OT: I don't mind front-page posts that make a case for something, Ufez, as long as they leave room for discussion and refrain from spinning the facts outrageously. soyjoy scored on both counts.
posted by mediareport at 2:59 PM on September 16, 2002


sounds like the u.s. is a big agricultural enron, churning out commodities, pretending we've sold them while buying them ourselves in order to manipulate the commodities markets. no?
posted by quonsar at 3:37 PM on September 16, 2002


Want to read more about it? Fast Food Nation has a lot more detail.

Kindall, I figure that fat- and nitrate- laden sausage is at least as bad as Lucky Stars. Surely you can find something better to feed the kids. Like broccoli or spinach.
posted by theora55 at 3:45 PM on September 16, 2002


It's not as if the fat is necessarily bad for you -- fat alone won't make you fat, you also need a good dose of carbs to drive that fat into long-term storage. (This is why french fries and pizza are so evil: tons of both.)

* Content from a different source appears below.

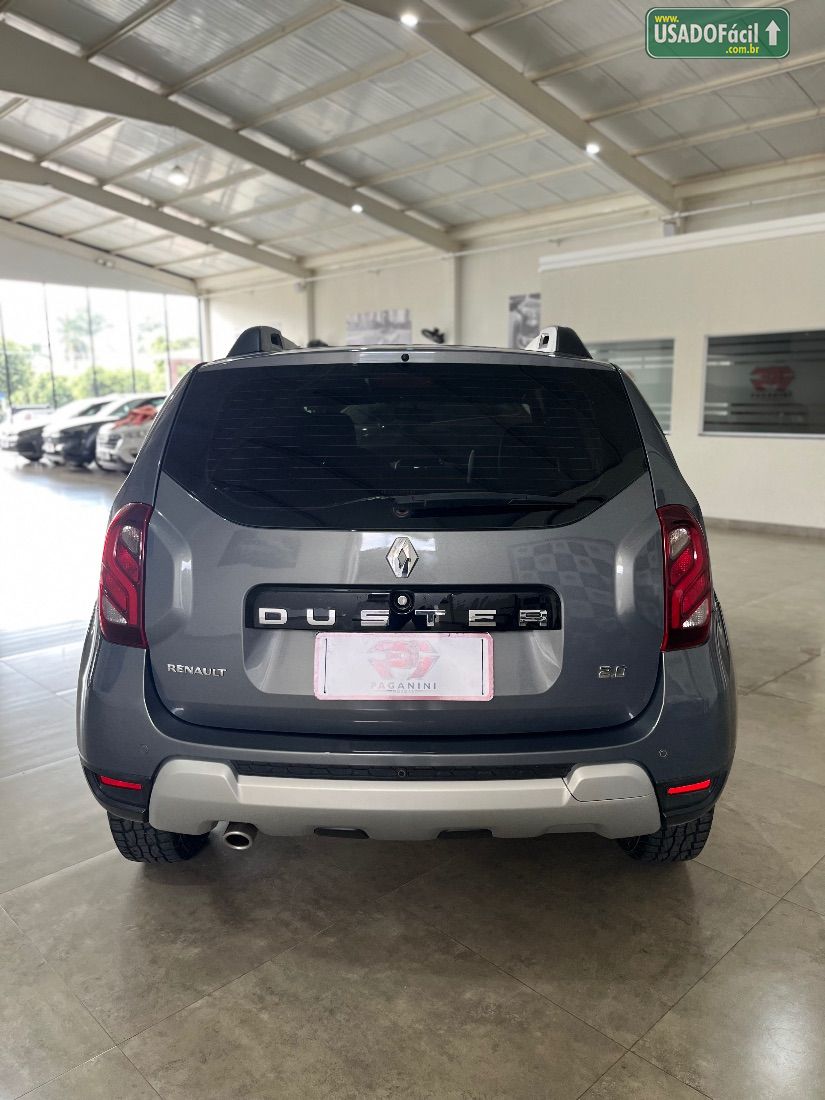 Renault Duster Dynamique 2.0 Automático Flex 2018/2019 — foto 6 de 13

The nitrates aren't so great, of course; I suppose we're not exactly talking about good sausage here. But at least they won't wreck your metabolism for life the way too much sugar can.
posted by kindall at 3:55 PM on September 16, 2002


Fast Food Nation mentions that the USDA does not have the authority to force meat packers to recall tainted meat.

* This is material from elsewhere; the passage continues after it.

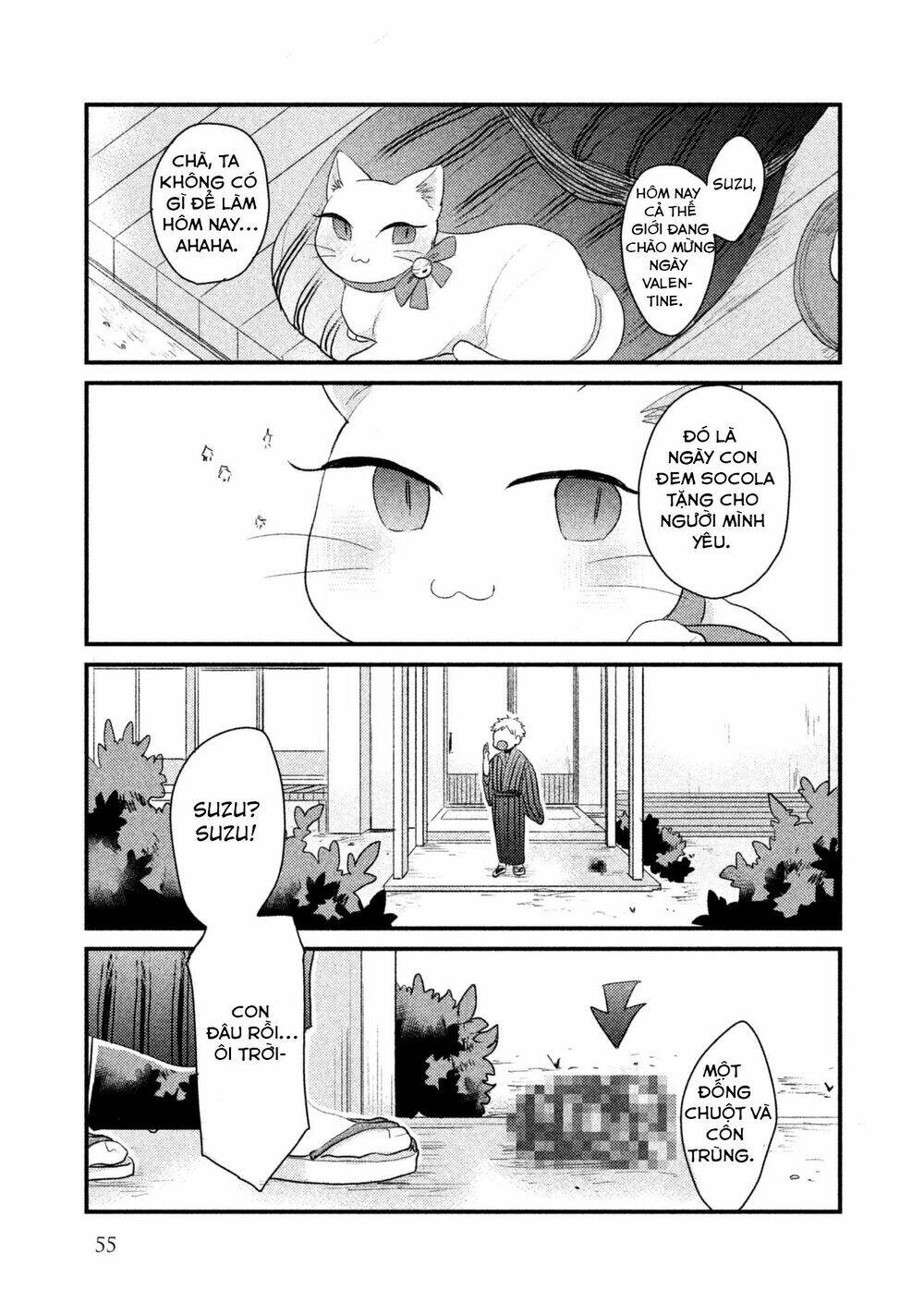 Nhân Duyên Tiền Kiếp: Chapter 12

Of course, in the case linked above, the USDA didn't bother to tell ConAgra that the meat tested positive for e.coli for two weeks.

How would you like to see "surplus sausage" on the school lunch menu?
posted by dweingart at 6:31 PM on September 16, 2002


I learned a lot about this situation from reading Diet For A New America, a book by John Robbins, once heir apparent to the Baskin-Robbins empire, who disinherited himself after being given a high-level insider's view of how the American meat and dairy industries really work. More information from his organization, EarthSave, on the issue in question here.
posted by bingo at 6:46 PM on September 16, 2002


Of course, in the case linked above, the USDA didn't bother to tell ConAgra that the meat tested positive for e.coli for two weeks.

And once they did, ConAgra waited another two days, insisting that the USDA do additional tests, while more people, unaware, bought contaminated meat. In addition to the USDA's lack of power to force a recall, they couldn't even get ConAgra to tell them where the meat had been sold so they could track down who might have gotten it. Why not? Trade secrets, of course.

In rechecking my original post, I found that I had overhyped one thing: Judge Robertson didn't literally say the USDA panel had a "conflict of interest" - the plaintiffs did, and the judge ruled in their favor. Still, when you look at who was on the panel, who was funding them, and how the guidelines turned out, the term you use to describe it is secondary at best.